Street Rocket has very long front pasterns, steep shoulder, poorly angulated legs behind and a very downhill build. 

Sly has small round hocks and short gaskins. Weedy through tge loin and rear end.

Swiss Game has a very nice body but extremely light bone and very long pasterns.

For eventing I would pass on all 3. Again.

There are reasons for these horses to be 4 sale. You will go through a TON to find the right one for what you want to do. Don't buy a veterinary project conformation wise.
_Posted via Mobile Device_


----------



## showjumperachel (Jul 13, 2013)

Elana, thanks again for your input - I appreciate it! Isn't there a reason for all horses to be for sale though? I didn't think Street Rocket looked down hill at all.....shows how much I know! 

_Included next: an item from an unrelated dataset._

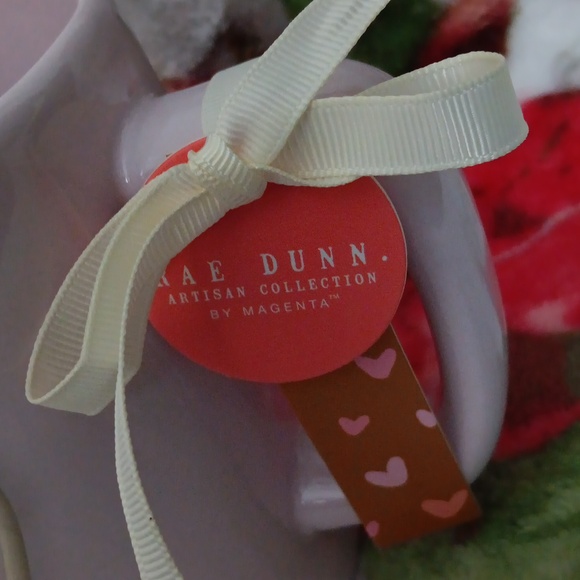 Rae Dunn Love mug - Picture 3 of 3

Just out of curiosity, what do you think of this horse for eventing? Sorry if these aren't the best pictures for conformation. This is my current horse and I'm going to keep quiet about any soundness issues before you I hear your opinion .... I've actually never asked for a critique on my horses conformation before .... he was given to me and I love him to pieces so I can't really complain :lol:

















He doesn't have 4 white socks -- that is poltuice


----------



## HunterJumperShow (Dec 29, 2013)

showjumperachel said:


> Elana, thanks again for your input - I appreciate it! Isn't there a reason for all horses to be for sale though? I didn't think Street Rocket looked down hill at all.....shows how much I know!


You will probably get many variations of what people see in terms of conformation, as some might not see what others do- or some predict a fault from the pictures we have. The only real sign is to see them in person and have a knowledgable eye there with you to point things out. Buying a future prospect is a big step and you defiantly want a more 'educated' eye in that aspect to be with you in that step. I personally don't think Street Rocket is glaringly downhill, as much as Swiss Game is. I do agree the pasterns are long- but then again, that's a common trait in TB's and will be hard to weed out from prospects. However, that was my take on their faults. 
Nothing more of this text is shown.